Wade Belak was a man of contradictions, but upon his arrival in Toronto for the 2000-01 season, he drew a striking comparison.
His ghostly fair complexion, thinning blond hair and 6' 5", 220-pound frame made him look like he was separated at birth from his former Leaf teammate Mats Sundin. That's where the similarities ended and contradictions began. Where Sundin's hands were sublimely gifted at putting the puck in the net with blinding speed, Belak's were skilled at putting themselves in opponents' faces with devastating force.
A massive, mountain of a man, Belak was covered with fearsome tattoos on a large percentage of his body. One was particularly eye-catching and intimidating: a flaming demon's head on the back of one shoulder.
In contrast, Belak's beastly frame was topped by a boyish face that, without fail, was adorned with a mischievous smile. That smile usually accompanied a smart, funny, or sarcastic remark. In all my dealings with professional athletes, Belak was the funniest I have encountered. The Canadiens' Hal Gill is a master of subtle humour. There was nothing subtle about Belak's brand.
Two of the funniest interactions I had with him made it to air on TSN. The first followed the lockout when the NHL implemented shootouts to decide games. The Leafs were practising shootouts, which included awkward, mostly unsuccessful attempts by their defencemen, including Belak.
After practice I asked him what move he would unveil if, in the unlikely event, he was selected by Pat Quinn to take part in a shootout. He launched into a gleeful, swaggering stream of consciousness of how he would demand musical accompaniment to "kick it up a notch", a little Motley Crue to "Kick Start My Heart". He then said his signature move would be inspired by Dean Youngblood, a lithe spinorama at centre ice to start his path to the net. Edmonton's Linus Omark pulled it off with panache; I can't imagine Belak having done the same. However, Quinn did say at one point that season that Belak was the fastest backward skater on the Leafs. Now, that sounds like another contradiction.
In March 2007 at a Vancouver-Tampa Bay game, a female fan tossed a bra onto the ice after former Canuck Jeff Cowan had scored a pair of goals. Seeking player comments the next day, naturally Belak was the first I approached in the Leafs dressing room. His reaction was, "Nice!", followed by encouraging the NHL to take advantage of future, similar incidents for marketing purposes. All the while, there was that evil Belak smile, not unlike the one worn by the demon tattoo on his shoulder.

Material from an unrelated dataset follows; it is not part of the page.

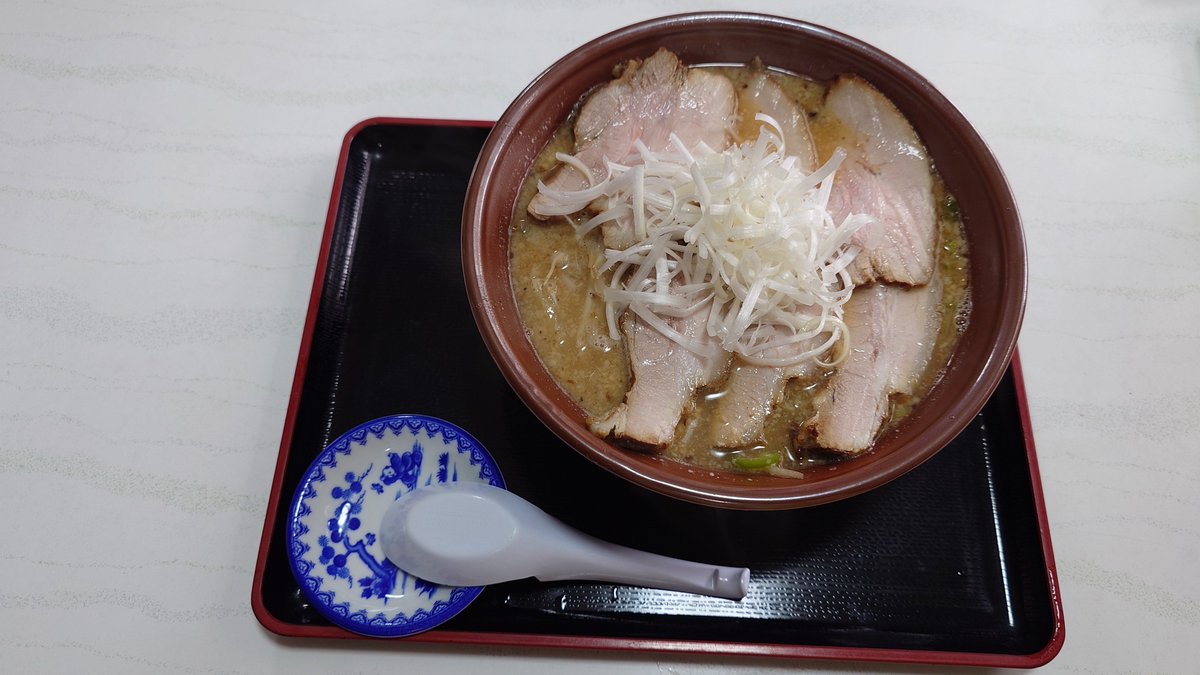 LindoYS150's tweet photo. 福福亭🍜
我がままオーダー
味噌チャーシュー野菜白髪ネギ背脂多め
1450円になってしまった😅 https://t.co/kez9hMukBa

Belak made his living sticking up for his teammates, which we all know is a hockey euphemism for pummeling an opponent when necessary.
Those hands were bruised and battered over his 14-year NHL career, yet they would tenderly cradle his two young daughters, of whom he spoke lovingly when we would chat about his family in the dressing room.
Those hands also cradled his two dogs, his Yorkshire Terriers. Tiny, silky rat dogs. The type of dogs which would be better suited as accessories in Paris Hilton's shoulder bag as opposed to being the canine companions of one of the NHL's toughest hombres.
I always thought Belak would have owned a dog that matched his persona. Something like a Labrador Retriever -- big, bullish, loyal, tough when necessary. Instead he filled out his family with a pair of yappy dustmops. I never saw pictures of the Belak dogs so I don't know if they wore bows in their hair, something one often sees on Yorkies.
Being a fellow dog-owner I used to chat with Belak about his Yorkies. He would make his trademark funny, sarcastic remarks about how they were his wife's dogs and that they only shared his home with him. Through his wry smile I could see it was a front because dog owners can't hide their affection. I'm certain Belak would scoop up those little mops in the palm of each giant hand, coo baby talk to them and trade kisses.
If that was Belak's biggest contradiction that I gleaned from my interactions with him, then it was surpassed only by the news of his death. How could a man so full of life, humour, love of his family and appreciation for his career be gone so suddenly, so tragically?
When I saw the Tweet on my phone, I stared at it momentarily, not believing what I was reading. Only when this summer's disheartening roll call entered my mind -- Derek Boogaard, Rick Rypien -- was I able to process the sad reality that Wade Belak was now part of that list.
Contradictions. The enforcer and the loving family man. The funny guy, whose life seemed like an open book, died under circumstances shrouded in mystery. The cruelest contradiction -- a vibrant young man who will never get to carry that spark into old age.
John Lu is TSN's Montreal Bureau Reporter. He covered the Maple Leafs from 2000 to 2007, spanning the bulk of Wade Belak's tenure in Toronto.